Os americanos acabam de proibir o uso das palavras “light” e “ultralight” nos maços de cigarro. Cigarros dessas marcas têm gosto diferente dos comuns, porque são tratados com diversos compostos químicos e utilizam outro tipo de filtro.
Você não será ingênuo a ponto de supor que as companhias produtoras lançaram essas marcas no mercado para proteger a saúde dos dependentes de nicotina. Não as subestime, leitor, estamos falando de organizações inescrupulosas chefiadas por malfeitores profissionais.
Há quarenta anos, elas o fizeram com a intenção malévola de conquistar o público feminino e os adolescentes, e de dar aos homens que já fumavam a impressão de que concentrações menores de alcatrão e nicotina causariam menos câncer e doenças pulmonares.
Desde os anos 1950, os executivos que as dirigiam, os publicitários e os cientistas alugados por elas, estavam cansados de saber que cigarros “lights” são ainda mais perniciosos porque contêm mais aditivos e por causa das características farmacológicas da nicotina.
Veja só. Qualquer droga inalada cai na circulação sanguínea muito mais depressa do que ao ser injetada na veia. No caso do fumo, são necessários apenas seis a dez segundos para que a nicotina atinja o cérebro, velocidade que explica porque a primeira tragada traz alívio imediato à crise de abstinência do fumante.
Uma das características fundamentais da dependência química é que o controle da dose administrada não depende da força de vontade do dependente.
Como a nicotina se liga a receptores existentes nas membranas dos neurônios cerebrais, quando a droga é excretada, eles ficam vazios e o fumante entra em desespero. Aplacá-lo exige acender mais um, para que a droga absorvida nos alvéolos pulmonares chegue aos neurônios em concentração suficiente para ocupar todos os receptores disponíveis.
Desse modo, quem controla a quantidade de nicotina a ser absorvida em cada tragada é o cérebro do fumante. Se o cigarro é forte, poucas tragadas fornecem a dose necessária. Quando é mais fraco, elas se tornam mais profundas, demoradas, e o intervalo entre uma e outra encurta. Como consequência, a fuligem e os seis mil compostos químicos resultantes da combustão do fumo entram em contato mais íntimo e destruidor com os brônquios e alvéolos pulmonares.
Em documentação interna datada de 1983, tornada pública por ordem judicial, executivos da British American Tobacco (controladora da Souza Cruz, no Brasil) recomendavam a seus subalternos: “O ideal é que os cigarros de baixos teores não pareçam diferentes dos normais. Eles devem ser capazes de liberar 100% mais nicotina do que o fazem nas máquinas de fumar” - usadas nos testes oficiais.
Foram essas as razões que levaram as autoridades americanas a proibir a propaganda criminosa que insinua haver vantagens para a saúde nos cigarros “lights” e “ultralights”.
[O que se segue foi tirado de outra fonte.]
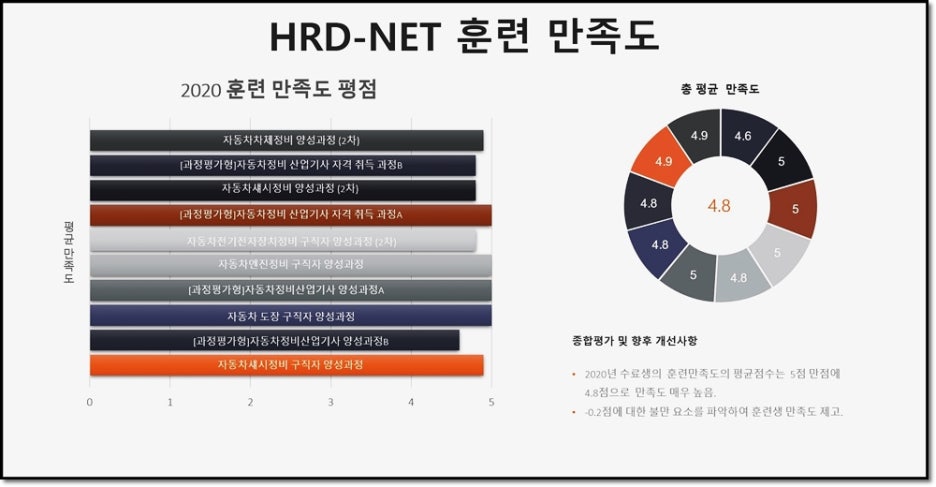 제일자동차정비 이미지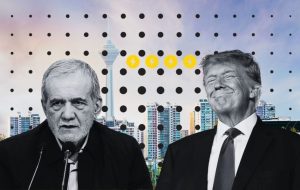 تمایل ایران به سرمایهگذاری آمریکا؛ پیامی برای تحریک غرایز تجاری ترامپ یا بیان انعطافپذیری سیاسی/ آیا ویتکاف کلید توافق با تهران را در دست دارد؟ تمایل ایران به سرمایهگذاری آمریکا؛ پیامی برای تحریک غرایز تجاری ترامپ یا بیان انعطافپذیری سیاسی/ آیا ویتکاف کلید توافق با تهران را در دست دارد؟
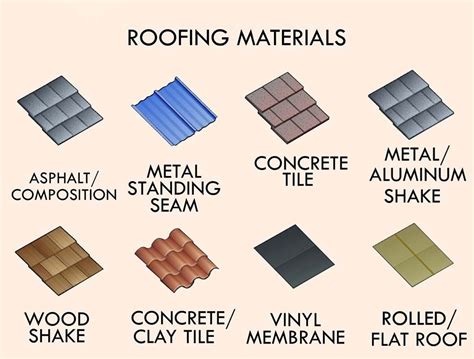 What is the best material to use for roofing?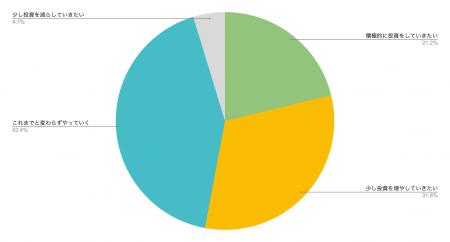 【2025年の資産運用に関する調査】半数以上の人が物価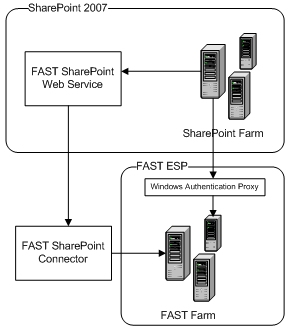 [SharePointFASTConnector[3].png]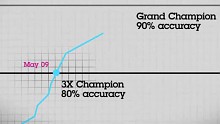 IBM - Supercomputer Watson - Wieso Jeopardy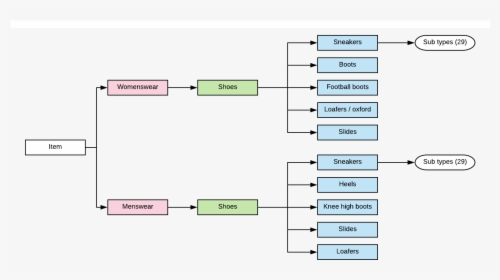Diagram, HD Png Download, Free Download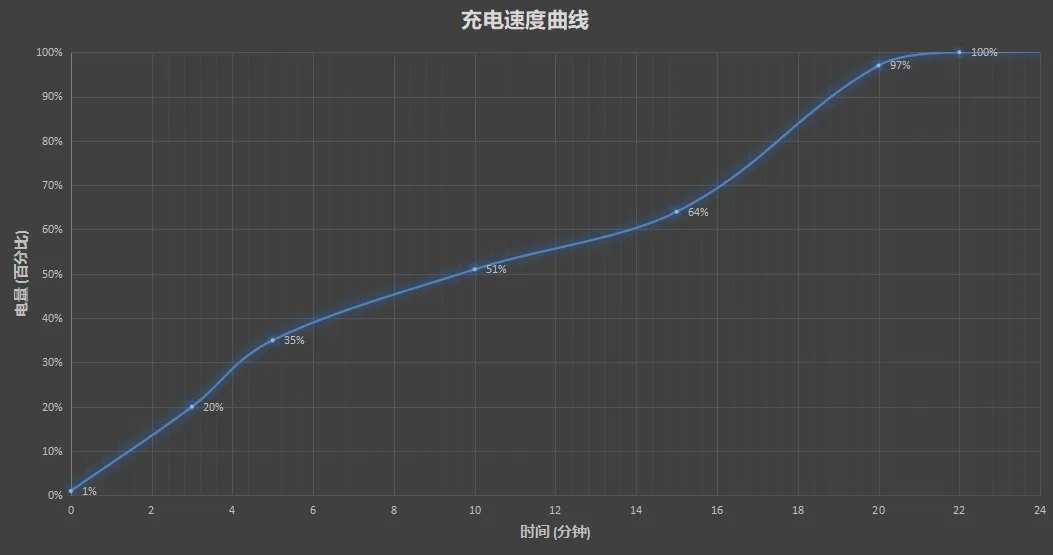 一加9RT評測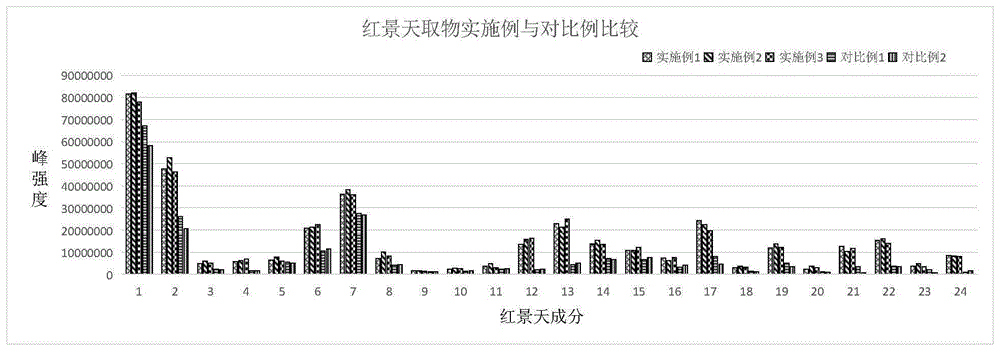 一种红景天提取物、其制备方法、应用及制得的烟丝与流程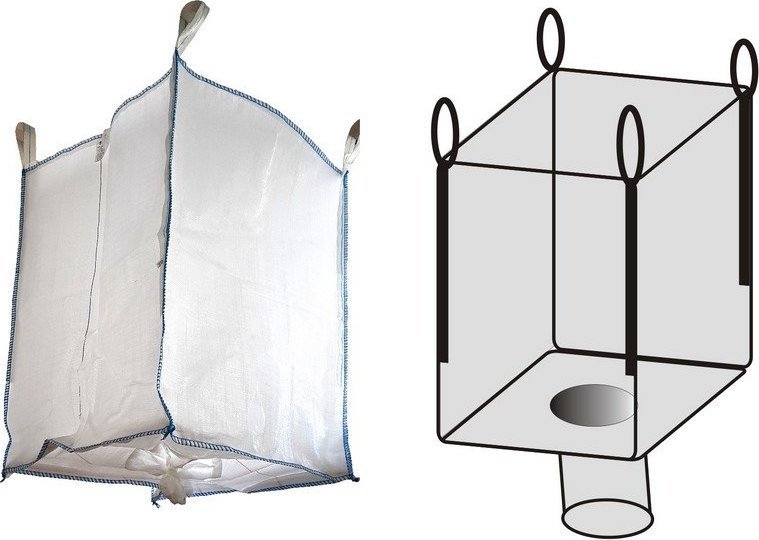 IZOMER Worek wielkogabarytowy BIG BAG 4 uchwyty, wym. 700x1100x1200mm (Ładowność 500 kg) - KOMPLET 20 szt.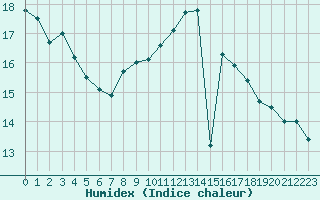 Courbe de l'humidex pour Guret (23)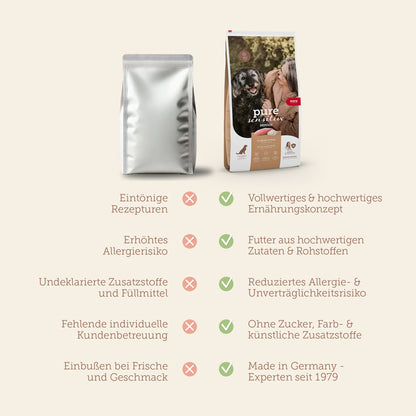 Senior Truthahn & Reis Trockenfutter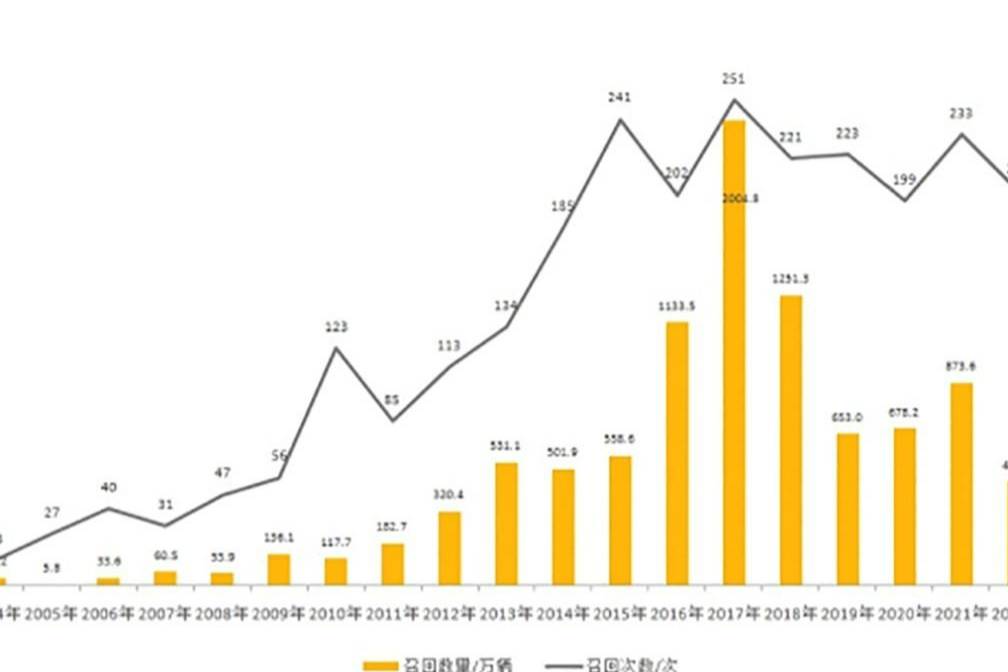 2022年新能源汽车投诉举报1.6万件，新能源市场存太多问题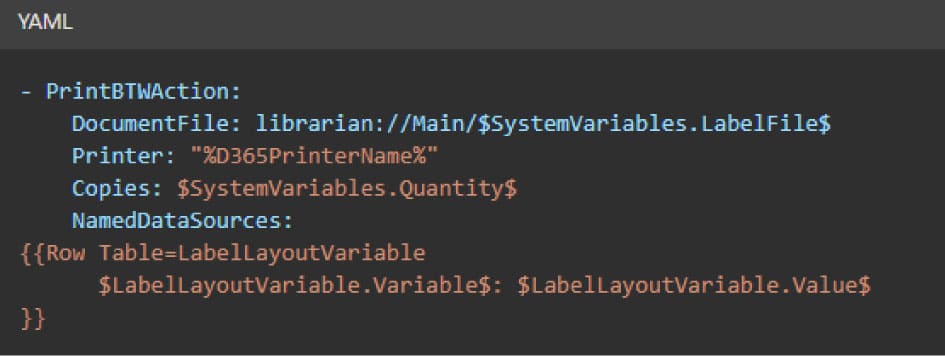 Variable label layout template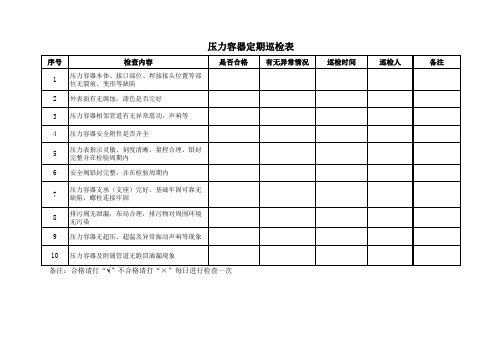 压力容器巡检表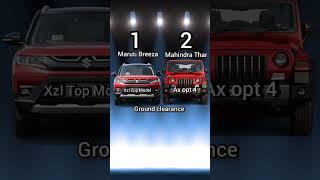 Maruti Breeza Vs Mahindra Thar Comparison | अब देखते हैं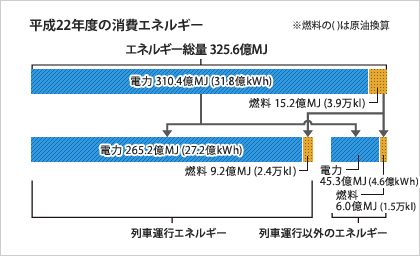22Nx̏GlM[Ot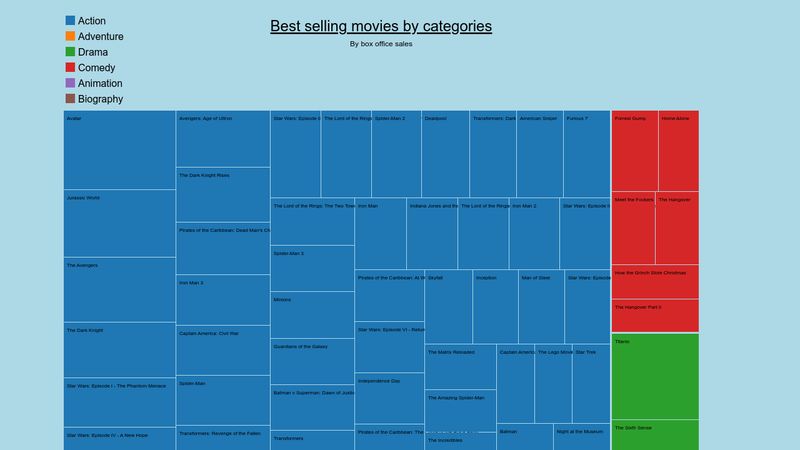 D3 Treemap Diagram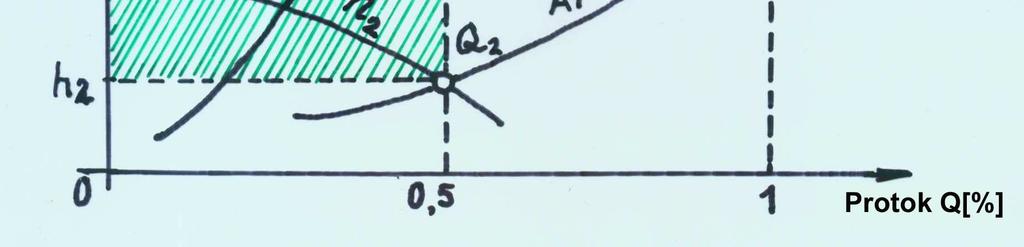 pri karakteristici A1 (100% protoka) Q2 radna točka, 50% protoka ostvarenog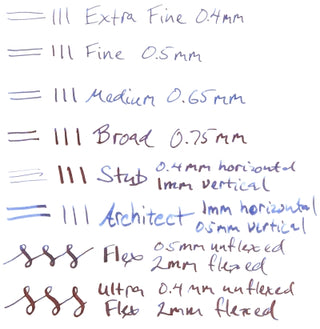 FPR Nibs and Feeds – Fountain Pen Revolution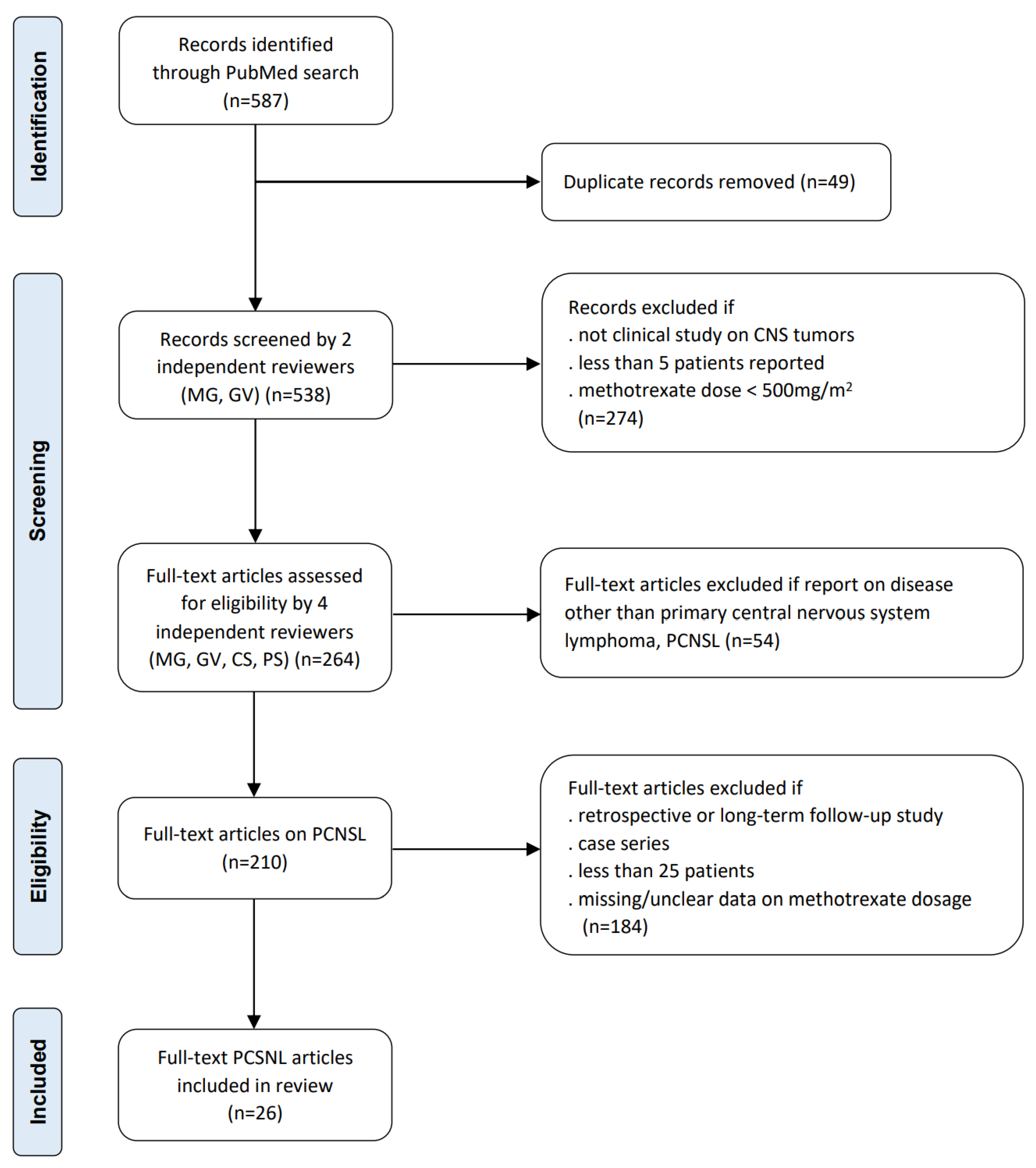 Cancers 15 01459 g001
Com a falta de escrúpulos de sempre, entretanto, a reação das companhias produtoras foi imediata: criar embalagens de cores mais claras em substituição aos rótulos proibidos, contando que o usuário saberá reconhecer sua marca predileta. Pretendem mudar as cores dos maços para perpetuar o crime de falsidade ideológica cometido impunemente contra a população fumante, durante quase meio século.
Material que chegou às mãos do The New York Times mostra que uma das companhias pretende adotar o seguinte código nas embalagens: maço vermelho para cigarros comuns; verde para os mentolados; azul, dourado e verde claro para os “lights”; prateado e alaranjado para os “ultralights”.
Estudo publicado em setembro do ano passado no European Journal of Public Health revelou que mulheres e homens adultos acreditam que cigarros com maços prateados ou dourados fazem menos mal e são mais fáceis de largar, e que os adolescentes tendem a experimentá-los com mais curiosidade.
O Brasil poderia inovar e dar um exemplo para o mundo, como fizemos no caso da Aids. Por que o Ministério da Saúde não proíbe completamente o uso de cores em maços de cigarros? As embalagens conteriam apenas o nome da marca sobre o fundo branco e as imagens de advertência atuais.
Não custaria um centavo para os cofres públicos. Bastaria ter coragem para enfrentar as demandas judiciais e resistir ao poder corruptor dos fabricantes.